Status Of TPC Boston Stop Still In Limbo As Opt-Out Day Arrives

It's opt-out day!

That's right, the September 1 deadline has arrived and we'll find out if the PGA Tour is going to continue with its current CBS/NBC network deal until 2021 or exercise an option to get out of the contract to renegotiate different terms.

In the meantime, Bill Doyle explains the issues facing the PGA Tour's Boston stop, currently sponsored by Dell Technologies through 2018, and it sounds like it may be transitioning to a spot in someone's tournament rota. Who what someone is, we're not sure.

Jordan Spieth said he’s been involved in discussions about revamping the PGA Tour schedule.

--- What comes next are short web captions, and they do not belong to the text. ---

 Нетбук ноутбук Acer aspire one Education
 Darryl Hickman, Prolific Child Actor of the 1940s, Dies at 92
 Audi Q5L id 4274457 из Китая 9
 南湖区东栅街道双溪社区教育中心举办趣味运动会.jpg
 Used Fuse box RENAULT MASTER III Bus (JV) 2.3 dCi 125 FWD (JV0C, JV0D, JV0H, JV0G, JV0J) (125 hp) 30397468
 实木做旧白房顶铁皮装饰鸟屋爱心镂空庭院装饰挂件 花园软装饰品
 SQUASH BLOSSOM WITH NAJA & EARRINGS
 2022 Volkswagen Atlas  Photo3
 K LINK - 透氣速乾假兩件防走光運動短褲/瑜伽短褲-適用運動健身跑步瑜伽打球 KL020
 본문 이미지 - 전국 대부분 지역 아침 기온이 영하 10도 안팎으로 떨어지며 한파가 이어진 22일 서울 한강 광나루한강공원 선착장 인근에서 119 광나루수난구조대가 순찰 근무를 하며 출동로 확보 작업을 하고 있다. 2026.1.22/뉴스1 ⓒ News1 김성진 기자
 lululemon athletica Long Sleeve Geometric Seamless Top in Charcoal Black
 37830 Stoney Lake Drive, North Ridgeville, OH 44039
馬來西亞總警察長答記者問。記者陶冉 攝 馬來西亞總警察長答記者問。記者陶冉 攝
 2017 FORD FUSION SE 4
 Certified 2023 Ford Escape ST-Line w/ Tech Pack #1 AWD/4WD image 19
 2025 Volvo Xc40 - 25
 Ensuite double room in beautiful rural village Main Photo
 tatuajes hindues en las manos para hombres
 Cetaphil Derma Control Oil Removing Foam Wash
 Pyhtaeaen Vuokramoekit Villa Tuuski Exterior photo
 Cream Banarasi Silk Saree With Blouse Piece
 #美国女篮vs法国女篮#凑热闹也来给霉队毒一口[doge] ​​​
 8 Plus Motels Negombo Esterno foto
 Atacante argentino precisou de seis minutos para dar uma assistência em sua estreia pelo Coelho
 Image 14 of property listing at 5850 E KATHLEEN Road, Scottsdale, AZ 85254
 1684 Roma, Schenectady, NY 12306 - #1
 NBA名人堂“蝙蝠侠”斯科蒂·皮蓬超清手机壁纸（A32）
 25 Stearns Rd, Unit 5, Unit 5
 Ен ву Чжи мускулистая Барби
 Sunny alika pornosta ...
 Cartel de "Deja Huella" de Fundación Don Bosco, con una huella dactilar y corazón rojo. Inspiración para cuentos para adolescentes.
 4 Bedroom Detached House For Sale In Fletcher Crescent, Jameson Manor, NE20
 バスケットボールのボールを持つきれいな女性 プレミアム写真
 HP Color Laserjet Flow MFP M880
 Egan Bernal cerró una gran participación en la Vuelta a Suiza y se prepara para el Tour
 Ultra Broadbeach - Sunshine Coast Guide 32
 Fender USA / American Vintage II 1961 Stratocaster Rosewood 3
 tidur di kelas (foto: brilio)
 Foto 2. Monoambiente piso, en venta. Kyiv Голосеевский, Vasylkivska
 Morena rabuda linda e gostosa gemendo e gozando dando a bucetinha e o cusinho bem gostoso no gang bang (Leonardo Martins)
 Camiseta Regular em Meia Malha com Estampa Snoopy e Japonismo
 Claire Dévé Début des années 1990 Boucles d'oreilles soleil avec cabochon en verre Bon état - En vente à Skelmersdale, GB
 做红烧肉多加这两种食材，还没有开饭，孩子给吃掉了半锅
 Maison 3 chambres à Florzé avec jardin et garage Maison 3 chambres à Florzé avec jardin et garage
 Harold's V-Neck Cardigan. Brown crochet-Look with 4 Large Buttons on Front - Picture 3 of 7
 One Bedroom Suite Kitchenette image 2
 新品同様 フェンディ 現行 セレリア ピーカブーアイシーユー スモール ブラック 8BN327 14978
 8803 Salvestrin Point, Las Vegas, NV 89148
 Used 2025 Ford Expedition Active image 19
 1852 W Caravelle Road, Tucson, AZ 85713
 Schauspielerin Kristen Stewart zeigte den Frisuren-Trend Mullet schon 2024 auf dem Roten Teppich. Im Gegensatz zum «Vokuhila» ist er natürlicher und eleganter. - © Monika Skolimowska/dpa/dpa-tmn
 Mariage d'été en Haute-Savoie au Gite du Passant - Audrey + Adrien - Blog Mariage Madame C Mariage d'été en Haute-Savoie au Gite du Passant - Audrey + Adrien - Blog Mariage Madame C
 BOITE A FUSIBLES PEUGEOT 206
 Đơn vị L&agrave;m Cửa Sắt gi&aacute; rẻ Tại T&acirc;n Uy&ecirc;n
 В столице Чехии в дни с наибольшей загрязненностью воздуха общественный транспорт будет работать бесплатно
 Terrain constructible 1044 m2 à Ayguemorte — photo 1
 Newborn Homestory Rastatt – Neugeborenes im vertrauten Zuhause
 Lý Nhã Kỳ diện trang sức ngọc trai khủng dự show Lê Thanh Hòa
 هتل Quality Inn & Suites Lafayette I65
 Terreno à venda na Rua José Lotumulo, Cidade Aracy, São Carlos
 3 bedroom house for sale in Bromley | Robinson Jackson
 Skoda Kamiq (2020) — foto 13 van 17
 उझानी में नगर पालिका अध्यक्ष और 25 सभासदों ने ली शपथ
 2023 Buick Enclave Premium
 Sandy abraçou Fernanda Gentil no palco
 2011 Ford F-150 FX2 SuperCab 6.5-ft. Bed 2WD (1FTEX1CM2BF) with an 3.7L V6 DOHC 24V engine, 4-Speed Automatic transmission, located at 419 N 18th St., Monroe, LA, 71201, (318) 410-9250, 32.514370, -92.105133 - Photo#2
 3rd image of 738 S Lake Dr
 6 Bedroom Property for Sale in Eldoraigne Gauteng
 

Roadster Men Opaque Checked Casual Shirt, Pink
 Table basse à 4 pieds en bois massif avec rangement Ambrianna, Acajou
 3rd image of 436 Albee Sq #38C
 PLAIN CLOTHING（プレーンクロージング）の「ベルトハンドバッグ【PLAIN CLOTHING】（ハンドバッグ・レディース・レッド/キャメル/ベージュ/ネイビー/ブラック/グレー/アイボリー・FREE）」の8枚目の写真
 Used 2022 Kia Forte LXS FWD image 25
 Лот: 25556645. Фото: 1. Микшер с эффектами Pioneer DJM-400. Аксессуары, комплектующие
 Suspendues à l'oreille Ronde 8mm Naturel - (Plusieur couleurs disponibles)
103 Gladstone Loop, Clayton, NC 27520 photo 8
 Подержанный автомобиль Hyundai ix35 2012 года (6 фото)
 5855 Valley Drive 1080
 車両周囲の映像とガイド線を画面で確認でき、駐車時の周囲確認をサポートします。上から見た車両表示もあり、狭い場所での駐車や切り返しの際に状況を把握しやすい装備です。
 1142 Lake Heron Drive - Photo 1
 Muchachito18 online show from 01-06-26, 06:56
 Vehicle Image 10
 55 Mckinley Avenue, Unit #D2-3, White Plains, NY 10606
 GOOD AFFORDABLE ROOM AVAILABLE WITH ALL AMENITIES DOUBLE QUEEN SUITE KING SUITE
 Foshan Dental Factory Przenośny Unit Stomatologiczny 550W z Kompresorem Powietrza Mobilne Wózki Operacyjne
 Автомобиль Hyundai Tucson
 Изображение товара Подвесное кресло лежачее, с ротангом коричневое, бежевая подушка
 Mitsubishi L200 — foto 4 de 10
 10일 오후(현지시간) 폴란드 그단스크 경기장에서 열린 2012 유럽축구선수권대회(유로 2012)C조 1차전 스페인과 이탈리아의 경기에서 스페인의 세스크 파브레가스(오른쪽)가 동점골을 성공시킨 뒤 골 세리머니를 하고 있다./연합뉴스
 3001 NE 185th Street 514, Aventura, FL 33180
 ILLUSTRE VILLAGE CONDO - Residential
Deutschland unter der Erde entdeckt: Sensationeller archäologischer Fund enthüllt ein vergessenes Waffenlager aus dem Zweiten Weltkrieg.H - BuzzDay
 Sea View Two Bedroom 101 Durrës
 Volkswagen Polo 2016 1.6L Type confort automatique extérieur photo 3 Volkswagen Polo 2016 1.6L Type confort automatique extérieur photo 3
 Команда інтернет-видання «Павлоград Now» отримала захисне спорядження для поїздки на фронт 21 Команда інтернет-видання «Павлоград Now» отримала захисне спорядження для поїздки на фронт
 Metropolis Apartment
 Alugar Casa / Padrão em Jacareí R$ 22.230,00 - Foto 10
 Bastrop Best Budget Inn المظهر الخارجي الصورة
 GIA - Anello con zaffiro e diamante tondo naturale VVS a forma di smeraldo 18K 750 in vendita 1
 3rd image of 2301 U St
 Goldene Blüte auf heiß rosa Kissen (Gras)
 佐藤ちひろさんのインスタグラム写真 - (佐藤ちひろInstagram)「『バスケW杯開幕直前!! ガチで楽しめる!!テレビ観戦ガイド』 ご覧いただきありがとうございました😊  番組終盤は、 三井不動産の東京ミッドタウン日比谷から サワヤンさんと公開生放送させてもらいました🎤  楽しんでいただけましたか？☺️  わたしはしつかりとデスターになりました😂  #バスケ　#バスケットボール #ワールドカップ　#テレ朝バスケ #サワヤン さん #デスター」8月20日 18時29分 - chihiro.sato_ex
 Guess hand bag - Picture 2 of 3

“There’s still a chance,” he said Thursday after playing in the pro-am at TPC Boston, “that we would still move up here every other year or something. So there’s still a lot of options available. There’s not much set in stone right now.”

Spieth went on to say that the PGA Tour might even come to TPC Boston only every third year.

There were also these two interesting quotes...

“I don’t blame them for watching football,” Dustin Johnson said, “because I probably would be too.”

“If we can make it,” Rickie Fowler said, “to where we’re ‘the’ thing to watch on TV at the end of our season, I think that’s the main goal.”